## Given records
=== Begin Enclosure ===

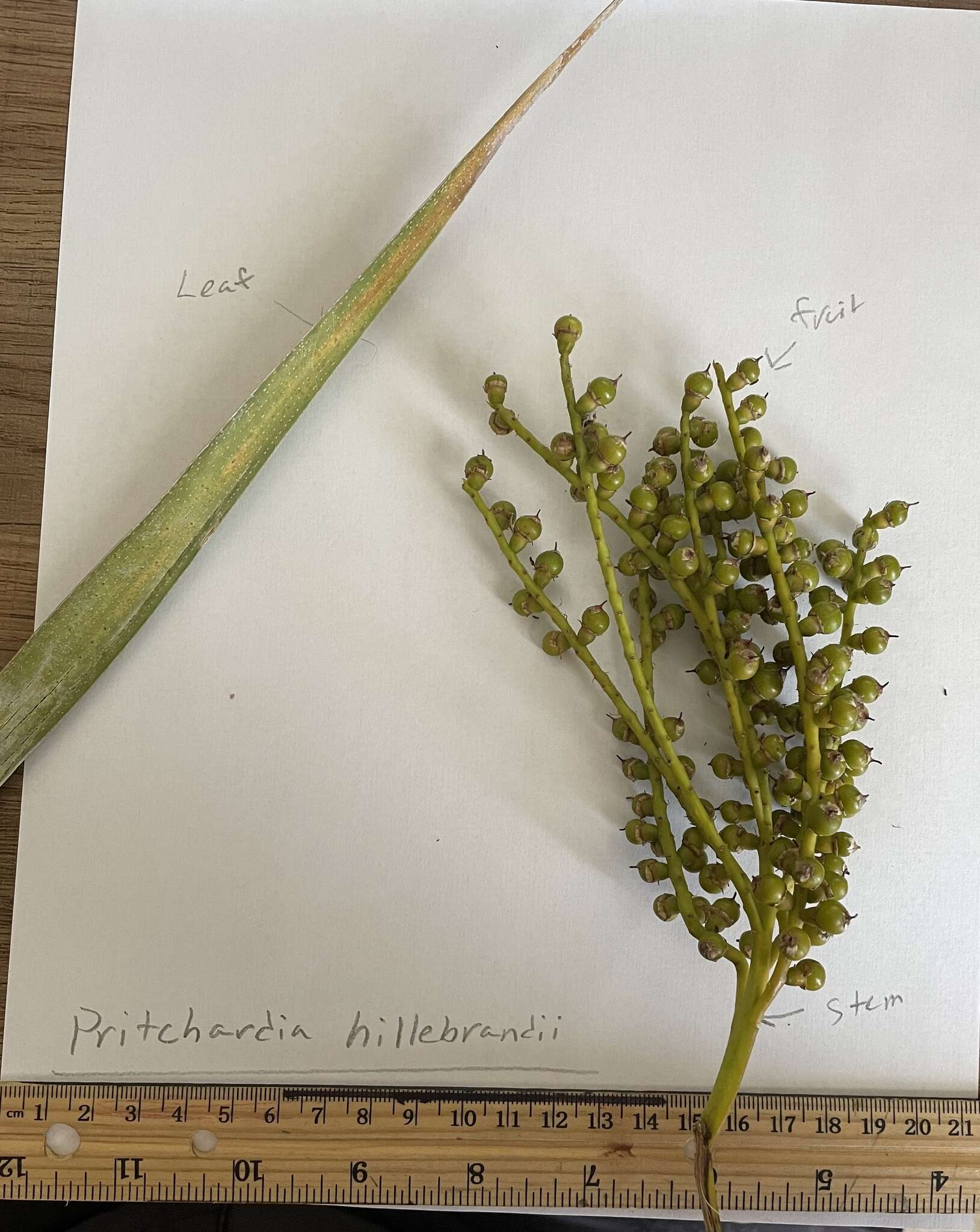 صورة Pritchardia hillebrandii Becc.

=== End Enclosure ===
=== Begin Enclosure ===

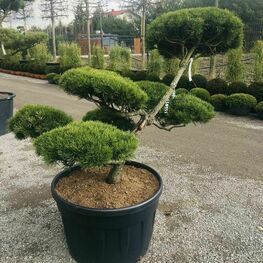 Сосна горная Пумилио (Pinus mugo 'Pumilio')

=== End Enclosure ===
=== Begin Enclosure ===

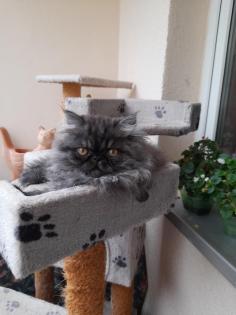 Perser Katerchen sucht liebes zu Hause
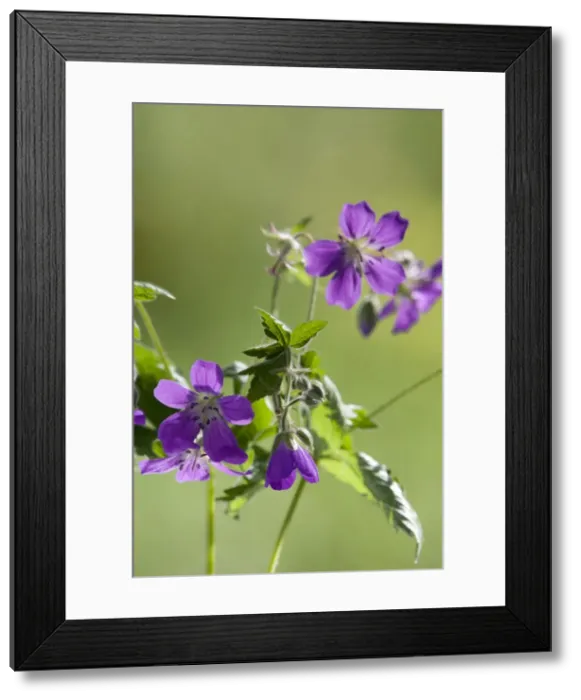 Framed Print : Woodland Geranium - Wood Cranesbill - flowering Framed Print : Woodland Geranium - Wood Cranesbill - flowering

=== End Enclosure ===

## Problem to work on
Only the lines of the listing above from the one with "Perser Katerchen sucht liebes zu Hause" through the one with "- flowering Framed" should be output, exactly, with both ends kept and pictures left out.

## Solution below
 Perser Katerchen sucht liebes zu Hause
 Framed Print : Woodland Geranium - Wood Cranesbill - flowering Framed Print : Woodland Geranium - Wood Cranesbill - flowering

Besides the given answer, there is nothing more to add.